Which book is your favorite? Why? :)
======
cryptoz
The Mars Trilogy, by Kim Stanley Robinson. I think it paints the most
realistic idea of space travel, interplanetary society and Mars
colonization....just about the most exciting stuff ever. Also, it's pretty
hard sci fi and so the reader learns a lot about Martian geology and such
along the way.

------
abosley
I'll have to say Neuromancer by William Gibson. Changed my worldview and what
I thought was possible. I'm a huge fan of Ian M Banks, Charlie Stross, Ian
MacDonald, Cory Doctorow, Peter Watts and older (90's) Stephen Baxter.
Baxter's Titan is a great piece of writing - makes you feel the isolation of
being millions of miles from humanity

------
rendeiro
I will pick more than 1:

Ubik by Philip K. Dick (it's hard to cherry pick his best work though, ask me
a different day and I will choose The Three Stigmata or Do Androids Dream or
something else)

The Stars My Destination by Alfred Bester (simply a good story and a great
background)

1984 by George Orwell.

What all these books share is the idea that sci-fi is about social, cultural
and economic dynamics, not ships or time travel.
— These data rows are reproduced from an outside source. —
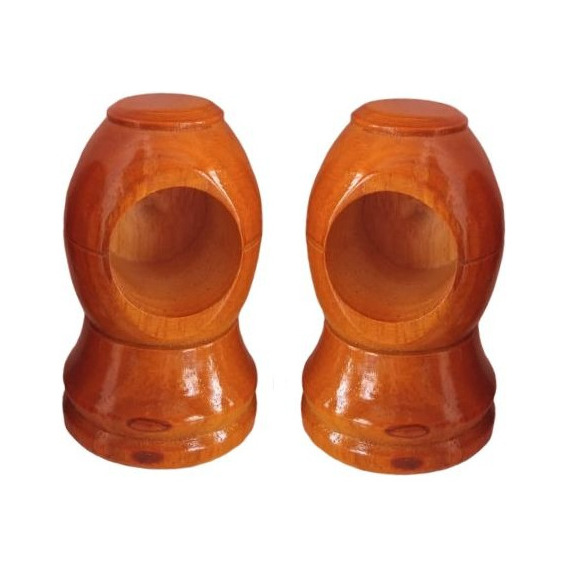 Soporte Bolillero Sencillo Para Cortina Madera Miel X 2 Und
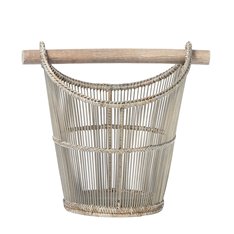 Basket with Toilet Roll holder - Natural Image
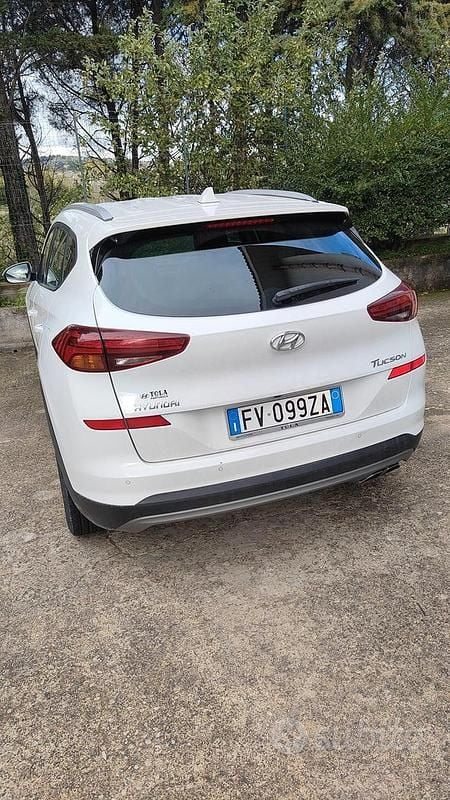 Usata Hyundai Tucson 116 CV (85 kW) 2019 Bianco SUV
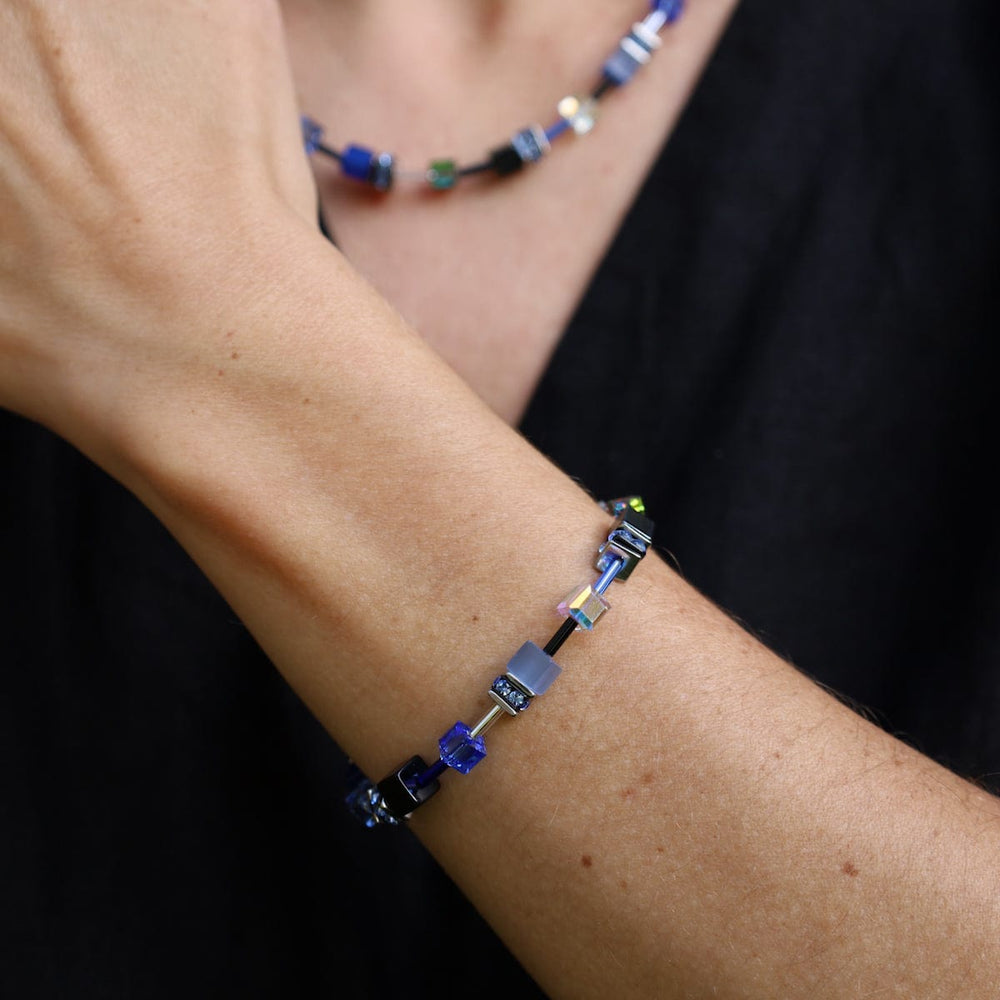 
                      
                        BRC Blue Geo Cube Bracelet
                      
                    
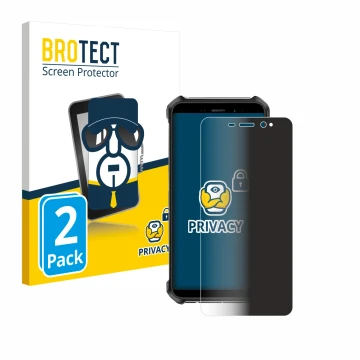 Vorderseite einer Produktverpackung mit dem Markenlogo BROTECT. Daneben ist das Gerät Ulefone Armor X12 mit dem zugehörigen Di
That is my definition of sci-fi: An on-going essay about the evolution of the
dynamics of society, using exotic technology/science merely as a catalyst.

Runner up: Ender's Game by Orson Scott Card

Could never finish (can't recommend): \- Neuromancer \- Cryptonomicon (Does
the author feel entitled to mock the homosexuality of Alan Turing? Found that
somewhat arrogant and in bad taste.)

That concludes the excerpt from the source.